= Assignment =
Provide an exact copy of the data, excluding the images.

= Dataset excerpt =
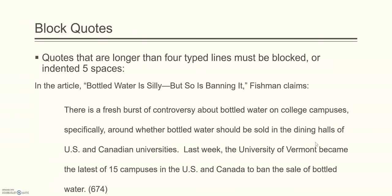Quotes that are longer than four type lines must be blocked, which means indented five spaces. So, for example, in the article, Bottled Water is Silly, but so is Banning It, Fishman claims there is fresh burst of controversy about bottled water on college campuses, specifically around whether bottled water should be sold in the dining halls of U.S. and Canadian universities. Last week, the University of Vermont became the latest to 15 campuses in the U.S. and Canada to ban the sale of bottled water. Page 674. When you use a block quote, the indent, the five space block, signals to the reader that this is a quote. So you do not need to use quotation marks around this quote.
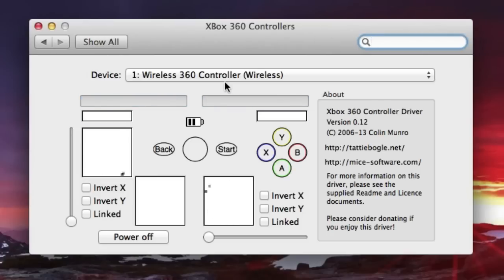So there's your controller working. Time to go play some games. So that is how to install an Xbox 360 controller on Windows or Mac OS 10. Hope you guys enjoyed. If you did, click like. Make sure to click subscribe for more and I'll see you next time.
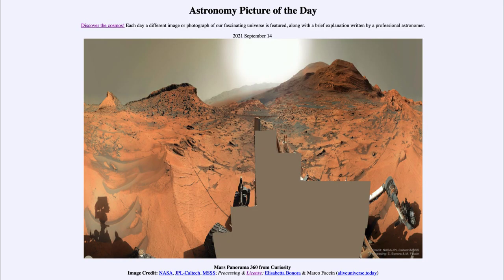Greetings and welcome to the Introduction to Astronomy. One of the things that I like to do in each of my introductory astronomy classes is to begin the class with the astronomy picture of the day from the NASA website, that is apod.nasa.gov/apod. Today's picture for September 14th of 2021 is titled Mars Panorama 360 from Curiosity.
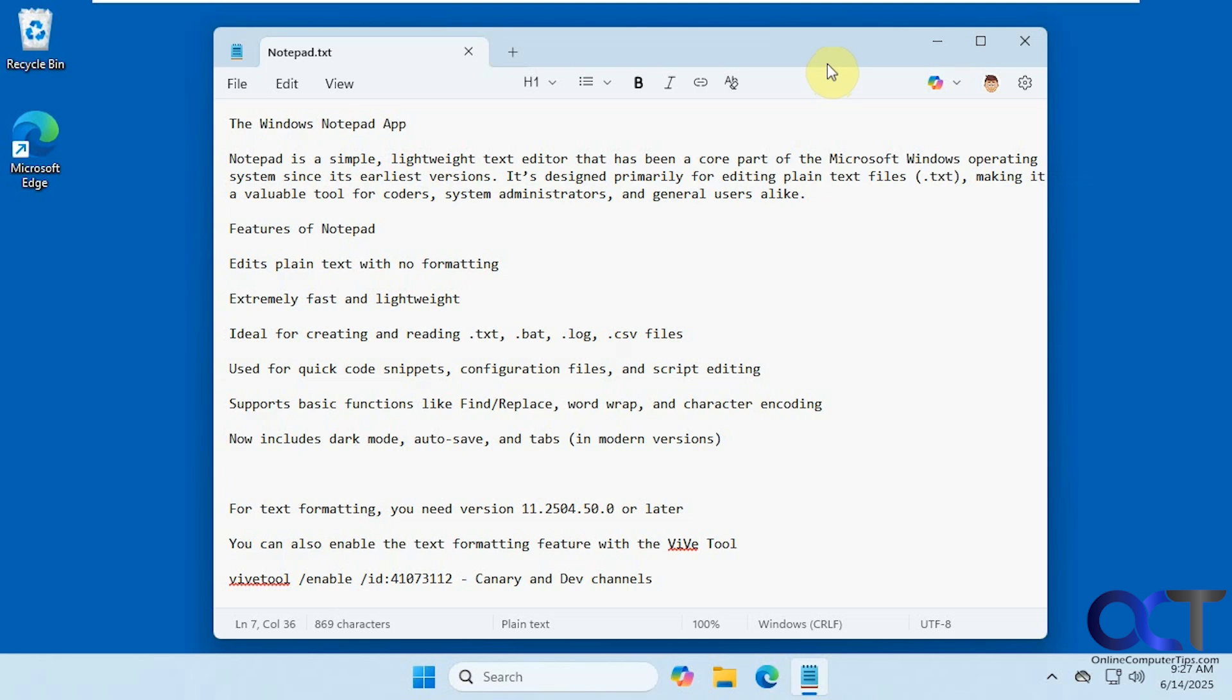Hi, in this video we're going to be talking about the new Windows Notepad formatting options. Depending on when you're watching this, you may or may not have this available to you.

= Completed exercise =
Quotes that are longer than four type lines must be blocked, which means indented five spaces. So, for example, in the article, Bottled Water is Silly, but so is Banning It, Fishman claims there is fresh burst of controversy about bottled water on college campuses, specifically around whether bottled water should be sold in the dining halls of U.S. and Canadian universities. Last week, the University of Vermont became the latest to 15 campuses in the U.S. and Canada to ban the sale of bottled water. Page 674. When you use a block quote, the indent, the five space block, signals to the reader that this is a quote. So you do not need to use quotation marks around this quote.
So there's your controller working. Time to go play some games. So that is how to install an Xbox 360 controller on Windows or Mac OS 10. Hope you guys enjoyed. If you did, click like. Make sure to click subscribe for more and I'll see you next time.
Greetings and welcome to the Introduction to Astronomy. One of the things that I like to do in each of my introductory astronomy classes is to begin the class with the astronomy picture of the day from the NASA website, that is apod.nasa.gov/apod. Today's picture for September 14th of 2021 is titled Mars Panorama 360 from Curiosity.
Hi, in this video we're going to be talking about the new Windows Notepad formatting options. Depending on when you're watching this, you may or may not have this available to you.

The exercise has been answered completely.